TASK INPUT:
****************************************
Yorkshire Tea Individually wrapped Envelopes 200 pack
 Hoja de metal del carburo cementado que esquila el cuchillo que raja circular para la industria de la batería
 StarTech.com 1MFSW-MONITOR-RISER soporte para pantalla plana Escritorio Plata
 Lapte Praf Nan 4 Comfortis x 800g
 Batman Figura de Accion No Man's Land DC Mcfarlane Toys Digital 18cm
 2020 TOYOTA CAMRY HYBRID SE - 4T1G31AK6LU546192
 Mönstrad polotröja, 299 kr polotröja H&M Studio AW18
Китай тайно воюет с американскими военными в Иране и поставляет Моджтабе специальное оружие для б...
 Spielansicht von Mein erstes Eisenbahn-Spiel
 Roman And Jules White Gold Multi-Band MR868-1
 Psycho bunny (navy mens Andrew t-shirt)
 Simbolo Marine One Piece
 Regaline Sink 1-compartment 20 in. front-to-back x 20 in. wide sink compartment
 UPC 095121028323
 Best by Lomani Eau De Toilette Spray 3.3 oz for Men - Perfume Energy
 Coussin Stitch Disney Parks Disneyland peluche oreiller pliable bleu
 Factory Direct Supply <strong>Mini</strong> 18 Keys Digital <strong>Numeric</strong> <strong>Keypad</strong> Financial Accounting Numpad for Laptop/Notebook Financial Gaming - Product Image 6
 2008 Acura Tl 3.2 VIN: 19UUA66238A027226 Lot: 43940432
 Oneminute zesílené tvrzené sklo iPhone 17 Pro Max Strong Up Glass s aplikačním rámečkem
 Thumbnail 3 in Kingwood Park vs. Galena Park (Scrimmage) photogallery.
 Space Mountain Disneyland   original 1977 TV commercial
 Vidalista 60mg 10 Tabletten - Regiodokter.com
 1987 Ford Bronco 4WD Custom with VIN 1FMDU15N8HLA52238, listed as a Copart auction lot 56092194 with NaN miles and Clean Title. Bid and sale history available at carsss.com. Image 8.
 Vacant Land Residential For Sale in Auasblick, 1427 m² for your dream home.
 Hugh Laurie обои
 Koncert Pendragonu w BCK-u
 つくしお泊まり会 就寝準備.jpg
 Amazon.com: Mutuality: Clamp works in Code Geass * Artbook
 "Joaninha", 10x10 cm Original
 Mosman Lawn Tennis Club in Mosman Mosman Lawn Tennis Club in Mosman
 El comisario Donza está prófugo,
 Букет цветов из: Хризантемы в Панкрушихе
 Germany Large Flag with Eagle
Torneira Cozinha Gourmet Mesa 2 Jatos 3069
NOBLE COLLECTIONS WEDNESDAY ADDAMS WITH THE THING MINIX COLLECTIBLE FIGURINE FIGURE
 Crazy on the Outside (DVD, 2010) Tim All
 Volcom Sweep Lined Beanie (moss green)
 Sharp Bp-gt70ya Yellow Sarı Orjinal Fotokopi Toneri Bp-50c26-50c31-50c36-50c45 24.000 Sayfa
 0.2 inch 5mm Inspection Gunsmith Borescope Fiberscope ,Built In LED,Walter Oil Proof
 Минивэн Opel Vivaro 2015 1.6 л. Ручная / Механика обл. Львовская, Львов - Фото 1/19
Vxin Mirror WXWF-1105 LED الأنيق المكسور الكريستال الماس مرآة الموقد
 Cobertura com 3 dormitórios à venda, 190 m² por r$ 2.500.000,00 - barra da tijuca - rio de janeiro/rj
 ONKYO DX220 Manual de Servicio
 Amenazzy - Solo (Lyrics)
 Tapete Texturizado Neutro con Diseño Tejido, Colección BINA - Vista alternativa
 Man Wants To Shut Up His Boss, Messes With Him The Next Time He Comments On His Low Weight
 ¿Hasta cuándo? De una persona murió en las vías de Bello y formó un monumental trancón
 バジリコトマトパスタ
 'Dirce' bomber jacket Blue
****************************************
YOUR GOAL:
Reproduce, word for word, every line starting at the line that contains "Mosman Lawn Tennis Club in Mosman Mosman" and ending with the final line of the entries.

EXERCISE OUTPUT:
 Mosman Lawn Tennis Club in Mosman Mosman Lawn Tennis Club in Mosman
 El comisario Donza está prófugo,
 Букет цветов из: Хризантемы в Панкрушихе
 Germany Large Flag with Eagle
Torneira Cozinha Gourmet Mesa 2 Jatos 3069
NOBLE COLLECTIONS WEDNESDAY ADDAMS WITH THE THING MINIX COLLECTIBLE FIGURINE FIGURE
 Crazy on the Outside (DVD, 2010) Tim All
 Volcom Sweep Lined Beanie (moss green)
 Sharp Bp-gt70ya Yellow Sarı Orjinal Fotokopi Toneri Bp-50c26-50c31-50c36-50c45 24.000 Sayfa
 0.2 inch 5mm Inspection Gunsmith Borescope Fiberscope ,Built In LED,Walter Oil Proof
 Минивэн Opel Vivaro 2015 1.6 л. Ручная / Механика обл. Львовская, Львов - Фото 1/19
Vxin Mirror WXWF-1105 LED الأنيق المكسور الكريستال الماس مرآة الموقد
 Cobertura com 3 dormitórios à venda, 190 m² por r$ 2.500.000,00 - barra da tijuca - rio de janeiro/rj
 ONKYO DX220 Manual de Servicio
 Amenazzy - Solo (Lyrics)
 Tapete Texturizado Neutro con Diseño Tejido, Colección BINA - Vista alternativa
 Man Wants To Shut Up His Boss, Messes With Him The Next Time He Comments On His Low Weight
 ¿Hasta cuándo? De una persona murió en las vías de Bello y formó un monumental trancón
 バジリコトマトパスタ
 'Dirce' bomber jacket Blue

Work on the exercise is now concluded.